* What needs to be done: Word for word, restate the lines from the one holding "Couverture du produit" through the last line of the material below, and leave every picture out.

* Stored data:
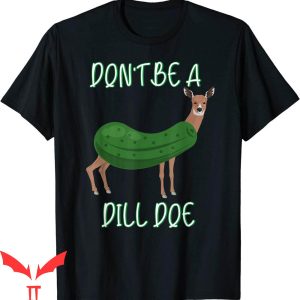 Dill Doe T-Shirt Dill Pickle Funny Deer Adult Humor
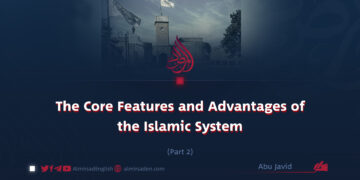 The Core Features and Advantages of the Islamic System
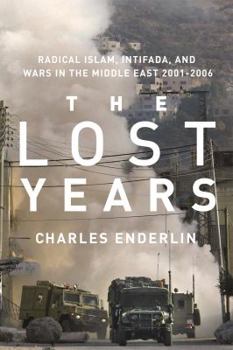 Hardcover The Lost Years: Radical Islam, Intifada, and Wars in the Middle East, 2001-2006 Book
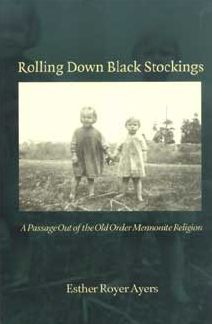 Rolling Down Black Stockings: A Passage out of the Old Order Mennonite Religion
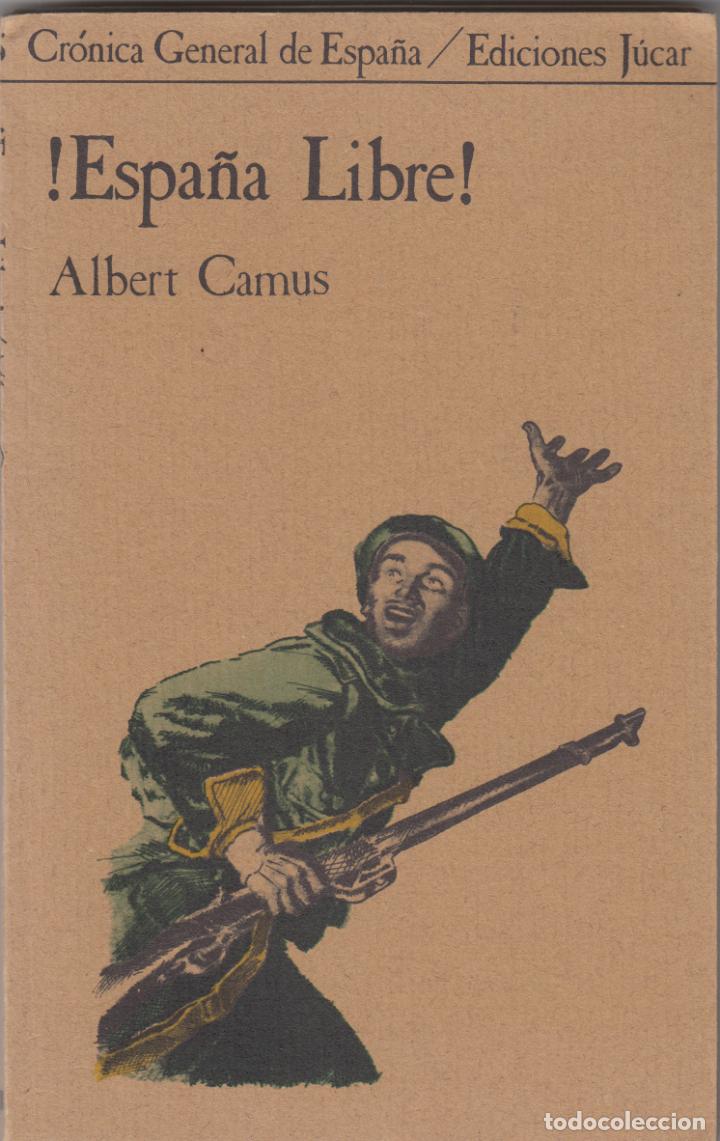 Libros de segunda mano: ESPA&Ntilde;A LIBRE. CAMUS SCW-ABJ - Foto 1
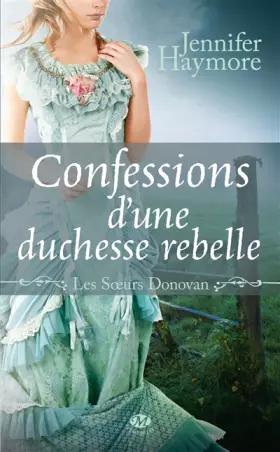 Couverture du produit · Les Sœurs Donovan, Tome 2: Confessions d'une Duchesse rebelle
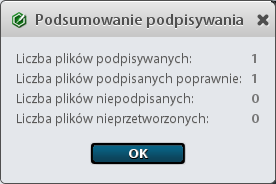 b. Po wybraniu certyfikatu klikamy OK. Zatwierdzamy złożenie podpisu wpisując PIN. Po podpisaniu pojawi się komunikat podsumowując wykonywane operacje.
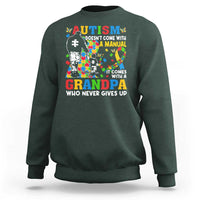 Autism Grandpa Sweatshirt Autism Doesn't Come With A Manual It Comes With A Grandpa
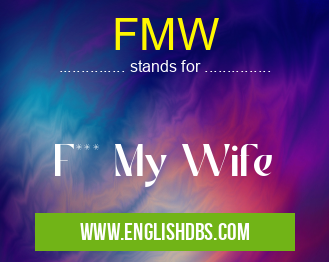 FMW means F*** My Wife FMW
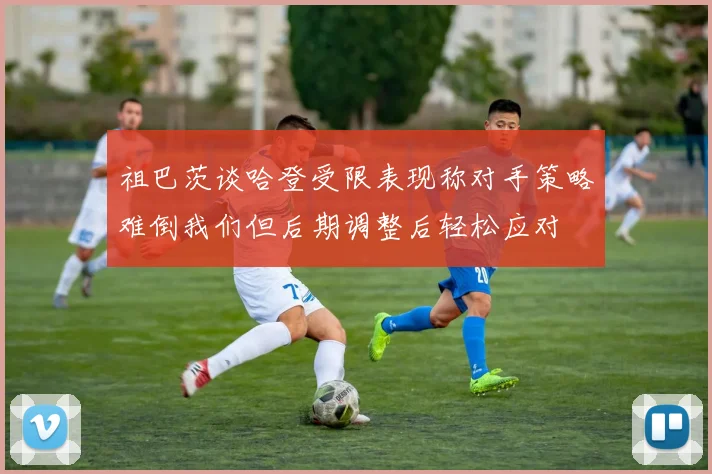祖巴茨谈哈登受限表现称对手策略难倒我们但后期调整后轻松应对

* Response box:
 Couverture du produit · Les Sœurs Donovan, Tome 2: Confessions d'une Duchesse rebelle
 b. Po wybraniu certyfikatu klikamy OK. Zatwierdzamy złożenie podpisu wpisując PIN. Po podpisaniu pojawi się komunikat podsumowując wykonywane operacje.
 Autism Grandpa Sweatshirt Autism Doesn't Come With A Manual It Comes With A Grandpa
 FMW means F*** My Wife FMW
祖巴茨谈哈登受限表现称对手策略难倒我们但后期调整后轻松应对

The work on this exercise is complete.